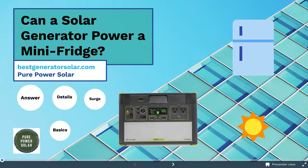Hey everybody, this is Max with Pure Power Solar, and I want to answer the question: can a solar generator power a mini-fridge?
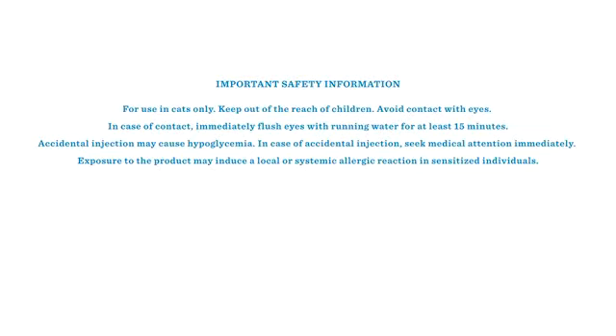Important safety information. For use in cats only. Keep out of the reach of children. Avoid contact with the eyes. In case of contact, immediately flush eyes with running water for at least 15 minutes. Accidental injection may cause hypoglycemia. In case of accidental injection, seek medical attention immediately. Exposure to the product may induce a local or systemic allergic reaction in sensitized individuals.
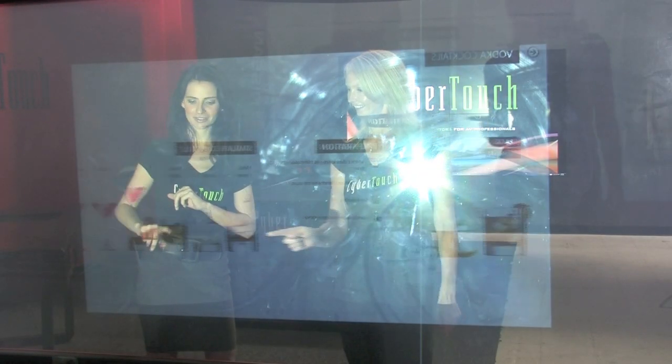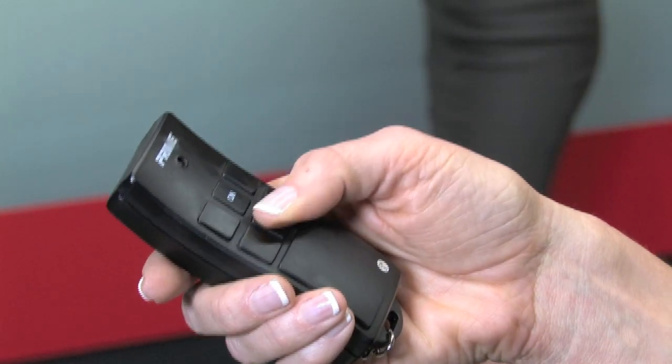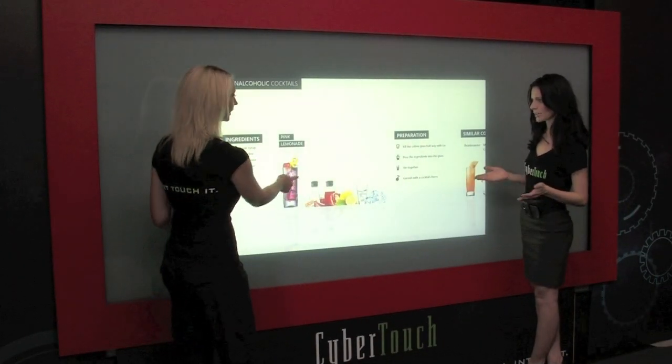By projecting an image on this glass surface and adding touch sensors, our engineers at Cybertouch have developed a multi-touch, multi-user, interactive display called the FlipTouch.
# # # # #
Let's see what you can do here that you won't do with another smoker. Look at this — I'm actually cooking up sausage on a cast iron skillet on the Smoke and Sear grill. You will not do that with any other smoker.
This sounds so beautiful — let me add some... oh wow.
# # # # #
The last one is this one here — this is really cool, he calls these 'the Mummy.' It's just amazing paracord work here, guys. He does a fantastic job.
# # # # #
◆ PROBLEM DESCRIPTION:
Each line that contains "here" is to be copied from the listing above.

◆ RESPONSE:
Let's see what you can do here that you won't do with another smoker. Look at this — I'm actually cooking up sausage on a cast iron skillet on the Smoke and Sear grill. You will not do that with any other smoker.
The last one is this one here — this is really cool, he calls these 'the Mummy.' It's just amazing paracord work here, guys. He does a fantastic job.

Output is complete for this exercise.